(Problem) Make an exact copy of all the data, pictures excluded.

(Collected data)
● ● ● ● ●

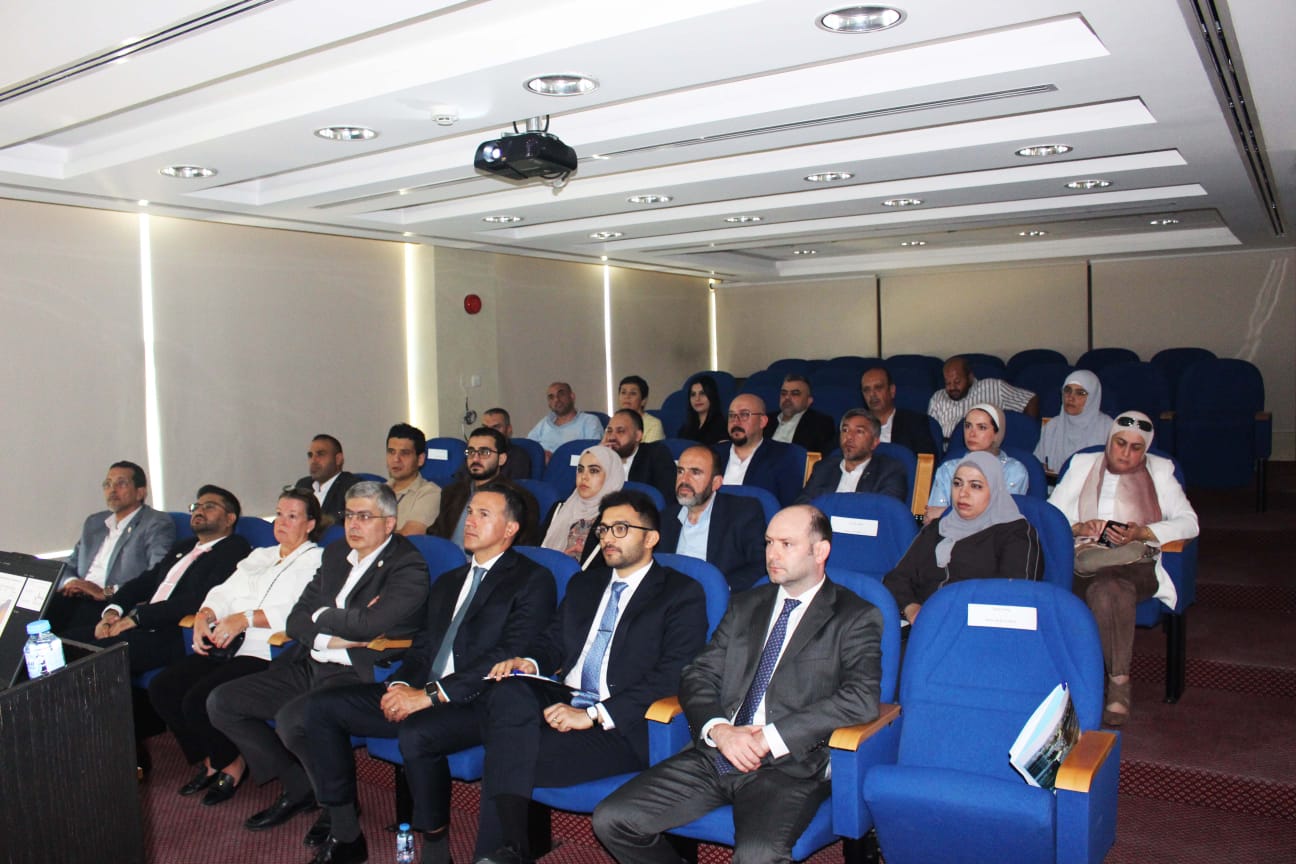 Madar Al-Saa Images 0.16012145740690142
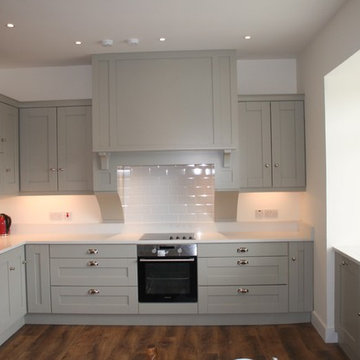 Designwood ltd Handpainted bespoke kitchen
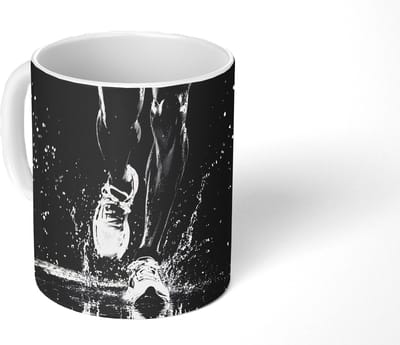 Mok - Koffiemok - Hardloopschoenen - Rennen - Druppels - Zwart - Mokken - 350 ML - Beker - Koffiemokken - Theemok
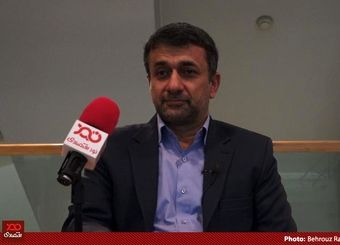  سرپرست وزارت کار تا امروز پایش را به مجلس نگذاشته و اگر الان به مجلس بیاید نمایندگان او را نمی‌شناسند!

● ● ● ● ●

(Exercise output)
 Madar Al-Saa Images 0.16012145740690142
 Designwood ltd Handpainted bespoke kitchen
 Mok - Koffiemok - Hardloopschoenen - Rennen - Druppels - Zwart - Mokken - 350 ML - Beker - Koffiemokken - Theemok
  سرپرست وزارت کار تا امروز پایش را به مجلس نگذاشته و اگر الان به مجلس بیاید نمایندگان او را نمی‌شناسند!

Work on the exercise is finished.